La composante « programmes d'armement », quant à elle, je le rappelle, n'a pas de caractère obligatoire, puisqu'elle repose sur la participation, le cas échéant, aux principaux programmes européens d'équipement et à l'activité de l'agence européenne de défense (AED) dans le domaine du développement, des capacités de défense, de la recherche, de l'acquisition et de l'armement.

La CSP ne fait par ailleurs obstacle ni à l'appartenance à l'OTAN des pays de l'Union européenne, ni au libre exercice de la souveraineté et des politiques nationales. Elle est également totalement compatible avec les coopérations multilatérales ou bilatérales du type « Lancaster House ». Elle peut être vue comme un stimulant de la base industrielle et technologique de la défense européenne.

La seule faiblesse de la CSP pourrait résider dans son financement, puisque cette question n'est pas explicitement évoquée dans les textes. Toutefois, le TUE ouvre la porte à un financement communautaire pour « les actions préparatoires » nécessaires à l'exécution des missions PSDC qui peuvent être financées par le budget de l'Union européenne.
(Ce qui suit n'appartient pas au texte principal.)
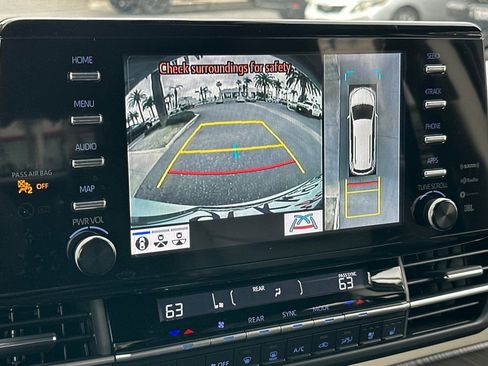 Used 2024 Toyota Sienna Platinum image 24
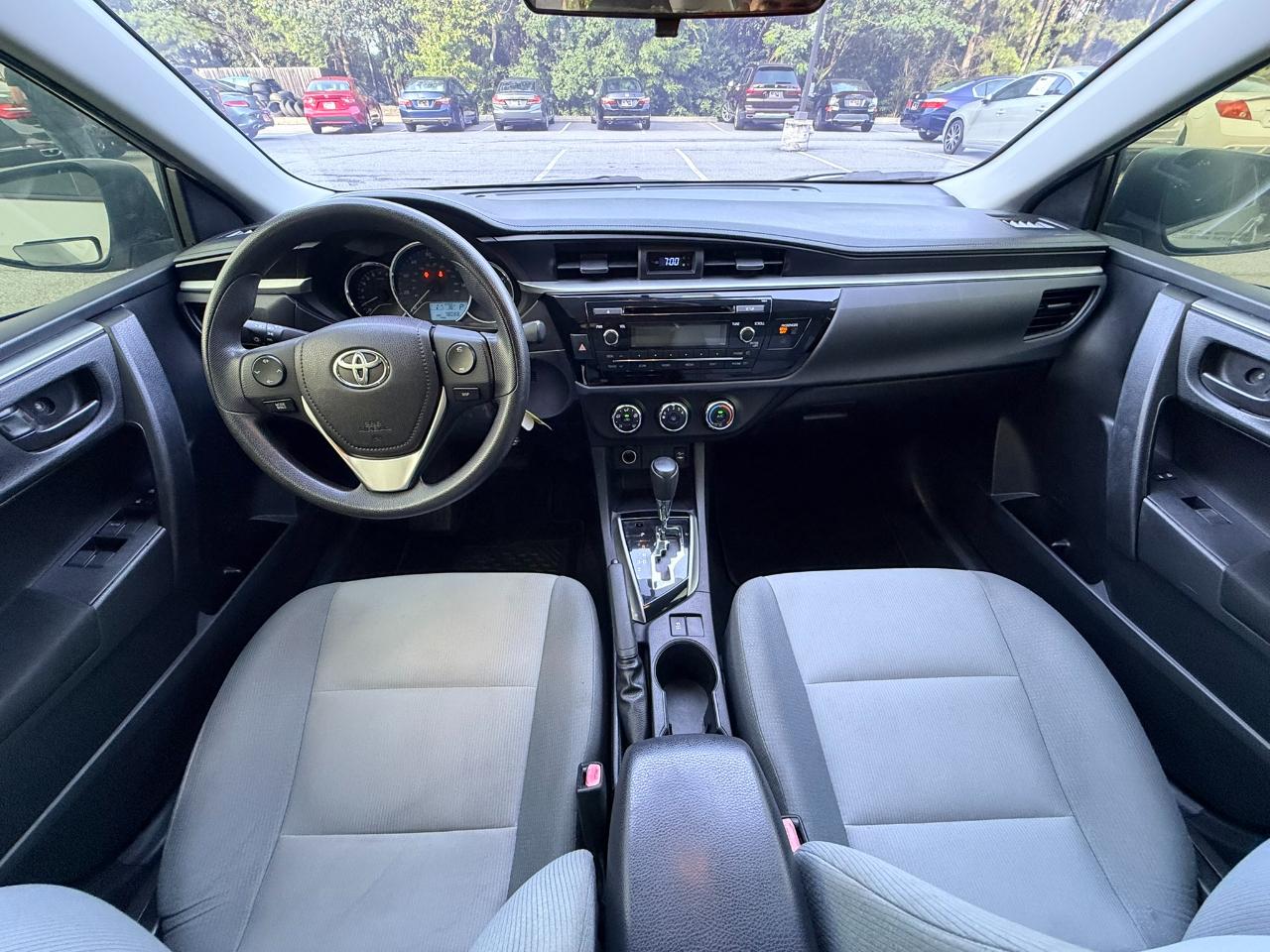 Toyota Corolla L 4-Speed AT 2015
Or, l'expression « activités préparatoires » peut être interprétée plus ou moins largement, selon que l'on s'en tient aux seules mesures à caractère logistique précédant le déclenchement d'une opération, ou que l'on prend en compte la réalisation ou l'acquisition d'équipements indispensables à l'exécution de la mission (équipements satellitaires, chaînes logistiques, équipements de combat etc.). Il existe incontestablement des marges de manoeuvre dans ce domaine. Les « activités préparatoires » peuvent par exemple être menées dans le cadre d'une coopération industrielle ou technologique préalable à une opération militaire ou civile.

En résumé, la CSP est un outil extraordinaire, une pépinière dont pourraient sortir de véritables coopérations, une forme d'autogestion car ce sont les États qui sont dans la CSP qui peuvent la mener. C'est un stimulant fort pour la base industrielle de technologie et de défense. Y aura-t-il la volonté politique pour la lancer ? Je suis optimiste, car je suis ce dossier depuis1998 – époque à laquelle personne ne savait ce dont il s'agit – et je constate qu'il y a eu des évolutions à cet égard.